1. Know What You Need

The first step in planning for an upfit is identifying how and where your vehicles will be used.

“Think
about weight requirements, equipment requirements, electrical and power
needs, and the space and size of the vehicle,” says Paul Lawrenson, EZ
STAK’s Director of Business Development. “If it’s going to be used in
rural Illinois versus downtown New York, well then you have more space
to work with.”  

Then it’s a good idea to meet with
the people in the company who will actually use the vehicles. Since some
may use those vehicles every day, those user groups will likely have
the best idea of what’s needed. Plus, with that initial buy-in the
likelihood of later displeasure is greatly reduced.

2. Find Your Upfitter

Though
there are relatively few companies out there specializing in vehicle
upfits, no two are exactly the same. And some will be more attuned to
your needs than others.

“When
you’re looking for an upfitter, what’s important is the stability of the
company,” says Lawrenson. “Have they been around for a while? Have they
done projects like yours? You want to make sure their business is
sustainable and that they can handle large projects.”

Some
can’t even handle the financial side, adds Lawrenson. Find out if
that’s true with the upfitters you’re considering by speaking with their
past customers. They should also be able to tell you about the quality
of the products, warranties and service, and how the upfitter handled
customization requirements and timeframes.

3. Stay in Touch

If
you’ve done your homework and found a capable company that’s designed
an upfit that works for you, you should be good to go.

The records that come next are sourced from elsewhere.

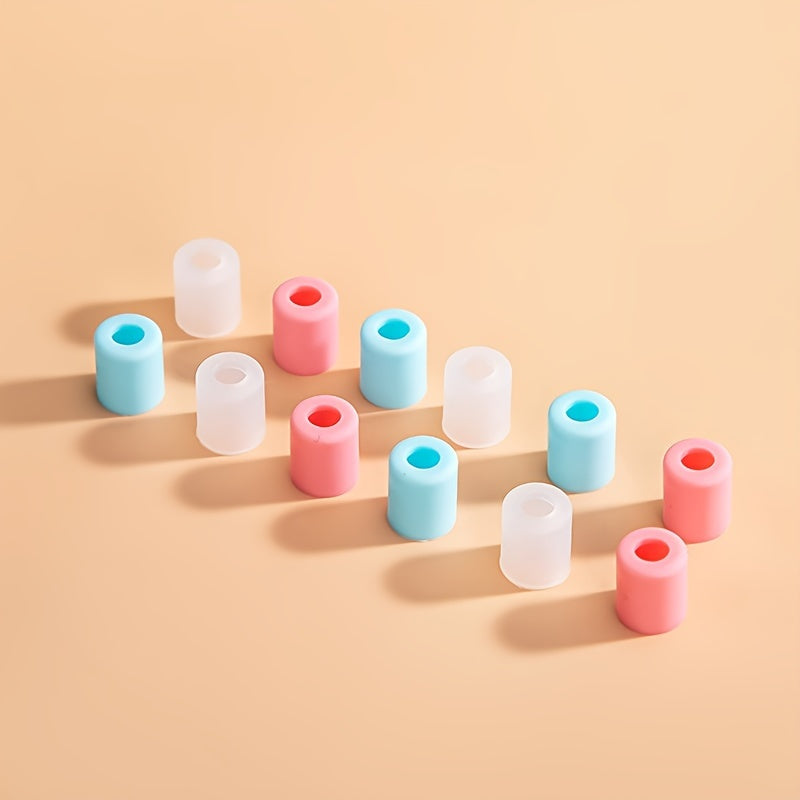 Silicone Straw Sleeve Dustproof Straw Plug Cup Accessory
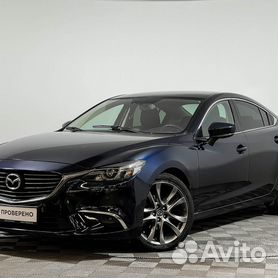 Mazda 6 2.5 AT, 2017, 131 189 км
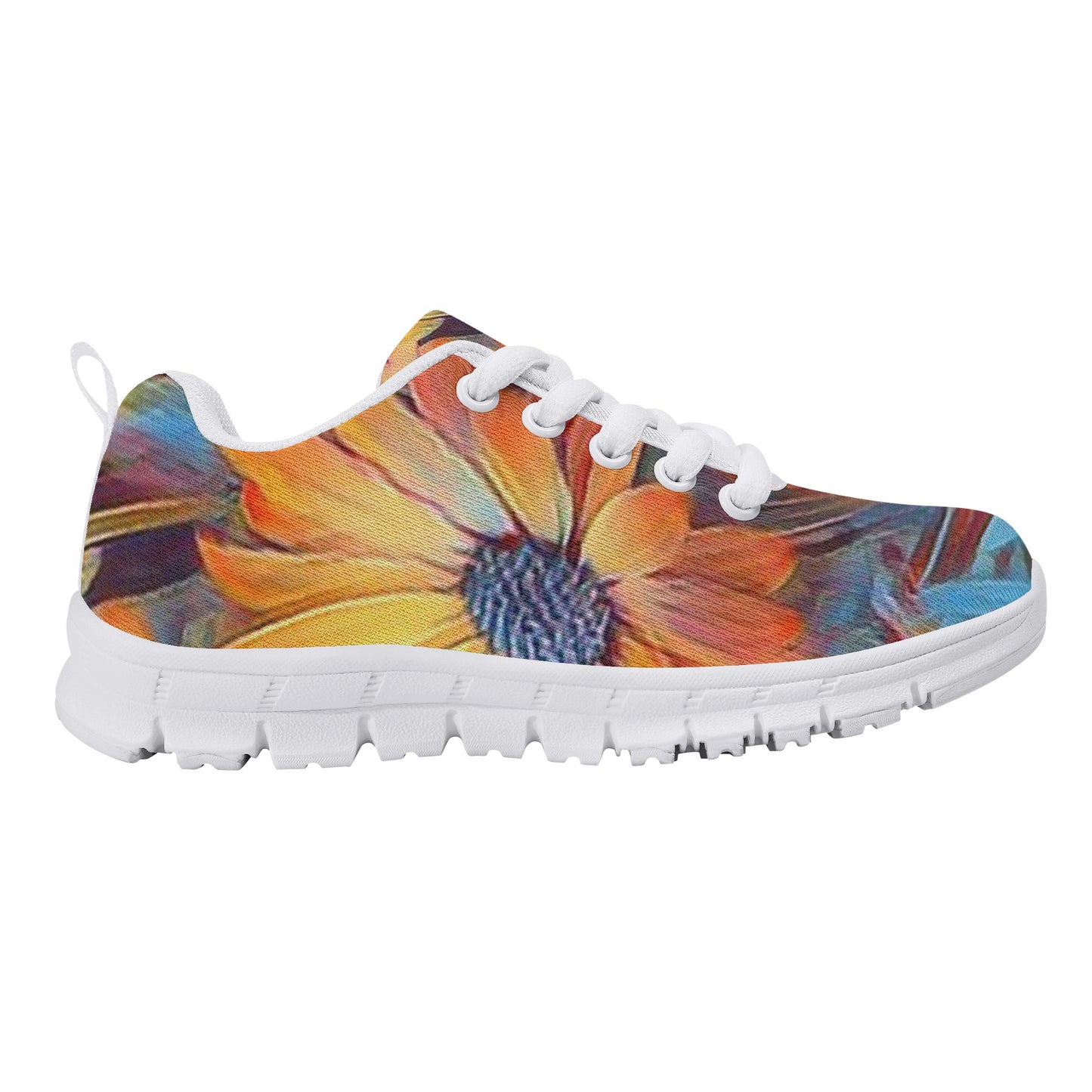 Pushing Daisies Kids Running Shoes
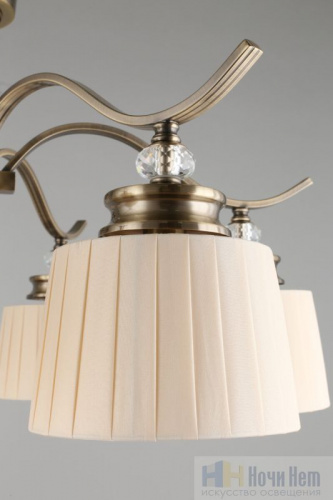 Люстра Omnilux Arosio OML-88417-06, раздел каталога Люстры с плафонами интернет-магазина Ночи Нет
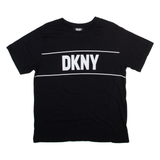 DKNY Mens T-Shirt Black M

But remember that
the process from initial contact with an upfitter to fleet delivery is a
long one. A year in some cases. Stay in touch to make sure you get
exactly what you want.

Even after you’ve signed off on a design,
it’s a good idea to make sure timelines are being met and that you get
answers to new questions or ones not previously addressed.

Remember,
too, that needs can change in a year. You may be able to make tweaks to
a design in the early stages of the manufacturing process. Having open
lines of communication makes this easier.